Aim of the task: Emit an exact copy of the lines running from the start of the records to the line containing "Welcome to MaxAbility.", both included.

Stored data entries
********

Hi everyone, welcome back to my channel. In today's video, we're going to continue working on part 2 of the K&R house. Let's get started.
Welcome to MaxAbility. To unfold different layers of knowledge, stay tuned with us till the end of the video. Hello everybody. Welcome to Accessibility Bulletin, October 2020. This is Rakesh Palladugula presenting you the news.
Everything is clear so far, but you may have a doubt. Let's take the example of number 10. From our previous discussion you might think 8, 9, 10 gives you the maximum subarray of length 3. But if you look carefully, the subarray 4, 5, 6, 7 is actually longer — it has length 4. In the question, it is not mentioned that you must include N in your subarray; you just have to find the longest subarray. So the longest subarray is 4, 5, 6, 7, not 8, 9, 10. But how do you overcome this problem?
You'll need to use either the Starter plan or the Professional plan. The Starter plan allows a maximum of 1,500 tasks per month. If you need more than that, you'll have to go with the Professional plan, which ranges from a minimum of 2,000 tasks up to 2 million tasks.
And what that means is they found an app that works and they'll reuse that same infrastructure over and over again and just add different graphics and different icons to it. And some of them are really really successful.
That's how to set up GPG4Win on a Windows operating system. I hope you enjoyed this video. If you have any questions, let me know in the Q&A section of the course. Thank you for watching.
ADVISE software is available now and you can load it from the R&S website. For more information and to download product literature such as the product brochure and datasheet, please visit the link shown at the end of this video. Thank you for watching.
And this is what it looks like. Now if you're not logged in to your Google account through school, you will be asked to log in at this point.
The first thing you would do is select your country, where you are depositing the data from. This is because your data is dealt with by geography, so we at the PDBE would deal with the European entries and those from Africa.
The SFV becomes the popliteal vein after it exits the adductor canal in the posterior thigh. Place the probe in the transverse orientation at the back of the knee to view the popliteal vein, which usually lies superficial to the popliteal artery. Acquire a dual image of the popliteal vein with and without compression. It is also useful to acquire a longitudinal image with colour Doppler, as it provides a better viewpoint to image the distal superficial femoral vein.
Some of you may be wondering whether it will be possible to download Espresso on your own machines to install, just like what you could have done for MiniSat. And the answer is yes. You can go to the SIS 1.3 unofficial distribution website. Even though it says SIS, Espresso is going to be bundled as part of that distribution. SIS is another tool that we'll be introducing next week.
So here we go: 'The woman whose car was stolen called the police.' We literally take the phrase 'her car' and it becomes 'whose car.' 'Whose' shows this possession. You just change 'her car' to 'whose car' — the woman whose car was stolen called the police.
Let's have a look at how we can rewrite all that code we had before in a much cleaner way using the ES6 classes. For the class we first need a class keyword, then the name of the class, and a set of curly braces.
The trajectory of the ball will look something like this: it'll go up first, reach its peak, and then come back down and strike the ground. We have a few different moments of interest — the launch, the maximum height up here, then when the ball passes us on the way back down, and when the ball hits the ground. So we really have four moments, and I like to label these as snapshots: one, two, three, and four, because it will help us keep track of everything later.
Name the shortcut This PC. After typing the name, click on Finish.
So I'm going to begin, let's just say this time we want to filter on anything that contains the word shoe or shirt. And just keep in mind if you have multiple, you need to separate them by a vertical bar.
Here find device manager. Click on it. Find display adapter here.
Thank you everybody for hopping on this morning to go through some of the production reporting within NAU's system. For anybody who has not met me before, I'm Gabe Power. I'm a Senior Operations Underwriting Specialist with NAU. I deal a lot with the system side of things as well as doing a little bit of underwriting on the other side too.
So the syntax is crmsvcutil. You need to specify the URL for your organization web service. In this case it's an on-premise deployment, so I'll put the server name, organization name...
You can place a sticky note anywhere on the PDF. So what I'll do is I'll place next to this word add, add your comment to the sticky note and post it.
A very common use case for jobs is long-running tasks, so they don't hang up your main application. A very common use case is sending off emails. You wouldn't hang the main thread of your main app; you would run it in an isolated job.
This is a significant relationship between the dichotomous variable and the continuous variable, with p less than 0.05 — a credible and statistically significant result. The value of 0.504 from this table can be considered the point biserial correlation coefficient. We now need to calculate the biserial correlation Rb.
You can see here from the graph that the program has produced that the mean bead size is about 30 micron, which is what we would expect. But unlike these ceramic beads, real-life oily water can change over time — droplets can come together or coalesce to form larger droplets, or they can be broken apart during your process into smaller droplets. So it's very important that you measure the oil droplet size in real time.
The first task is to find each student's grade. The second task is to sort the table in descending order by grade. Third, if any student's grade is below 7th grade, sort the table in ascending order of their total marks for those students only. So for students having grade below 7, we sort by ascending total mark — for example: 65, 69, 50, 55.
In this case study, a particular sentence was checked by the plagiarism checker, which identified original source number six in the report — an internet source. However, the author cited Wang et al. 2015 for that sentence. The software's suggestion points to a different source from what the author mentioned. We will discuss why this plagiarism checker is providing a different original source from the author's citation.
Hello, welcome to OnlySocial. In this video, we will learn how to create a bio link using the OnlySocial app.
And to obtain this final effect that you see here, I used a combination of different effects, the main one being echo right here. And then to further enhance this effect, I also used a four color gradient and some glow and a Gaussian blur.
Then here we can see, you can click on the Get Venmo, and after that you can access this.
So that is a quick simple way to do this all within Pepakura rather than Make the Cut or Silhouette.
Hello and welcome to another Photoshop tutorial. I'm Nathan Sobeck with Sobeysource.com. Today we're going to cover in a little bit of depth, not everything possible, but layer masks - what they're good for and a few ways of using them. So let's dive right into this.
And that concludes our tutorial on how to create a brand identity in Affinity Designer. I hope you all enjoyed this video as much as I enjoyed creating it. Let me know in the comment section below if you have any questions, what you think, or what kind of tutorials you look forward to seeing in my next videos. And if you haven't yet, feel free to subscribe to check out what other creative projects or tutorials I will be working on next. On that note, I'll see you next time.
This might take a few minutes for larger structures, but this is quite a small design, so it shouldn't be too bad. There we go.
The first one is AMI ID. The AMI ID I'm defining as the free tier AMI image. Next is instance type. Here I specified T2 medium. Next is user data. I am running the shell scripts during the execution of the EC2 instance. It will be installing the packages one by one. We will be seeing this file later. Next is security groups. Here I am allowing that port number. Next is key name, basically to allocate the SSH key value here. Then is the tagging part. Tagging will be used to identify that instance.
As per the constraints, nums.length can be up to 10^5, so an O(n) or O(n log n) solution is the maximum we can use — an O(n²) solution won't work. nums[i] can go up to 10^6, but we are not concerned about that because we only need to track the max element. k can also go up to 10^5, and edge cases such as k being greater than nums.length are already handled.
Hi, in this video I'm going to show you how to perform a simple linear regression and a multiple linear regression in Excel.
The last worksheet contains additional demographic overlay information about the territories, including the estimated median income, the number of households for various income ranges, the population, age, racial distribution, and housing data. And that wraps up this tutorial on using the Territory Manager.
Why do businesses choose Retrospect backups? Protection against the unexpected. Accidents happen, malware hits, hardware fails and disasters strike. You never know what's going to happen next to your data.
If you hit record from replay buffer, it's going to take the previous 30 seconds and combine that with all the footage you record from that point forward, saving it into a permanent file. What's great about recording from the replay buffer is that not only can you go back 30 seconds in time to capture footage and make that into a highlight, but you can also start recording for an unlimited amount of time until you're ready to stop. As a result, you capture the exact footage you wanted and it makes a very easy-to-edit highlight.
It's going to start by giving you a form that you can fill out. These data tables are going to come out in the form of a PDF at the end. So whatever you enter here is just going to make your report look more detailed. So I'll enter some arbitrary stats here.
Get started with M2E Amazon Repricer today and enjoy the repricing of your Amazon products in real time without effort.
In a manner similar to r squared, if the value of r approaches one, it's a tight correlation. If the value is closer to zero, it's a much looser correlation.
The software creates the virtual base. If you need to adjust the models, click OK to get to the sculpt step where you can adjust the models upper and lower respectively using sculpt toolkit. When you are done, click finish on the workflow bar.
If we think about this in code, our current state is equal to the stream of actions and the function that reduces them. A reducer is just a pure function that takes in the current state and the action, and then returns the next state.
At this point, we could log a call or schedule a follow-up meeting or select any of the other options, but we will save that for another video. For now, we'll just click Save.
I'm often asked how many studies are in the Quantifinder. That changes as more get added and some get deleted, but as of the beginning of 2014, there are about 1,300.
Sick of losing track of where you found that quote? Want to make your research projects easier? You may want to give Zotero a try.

********

Response area:
Hi everyone, welcome back to my channel. In today's video, we're going to continue working on part 2 of the K&R house. Let's get started.
Welcome to MaxAbility. To unfold different layers of knowledge, stay tuned with us till the end of the video. Hello everybody. Welcome to Accessibility Bulletin, October 2020. This is Rakesh Palladugula presenting you the news.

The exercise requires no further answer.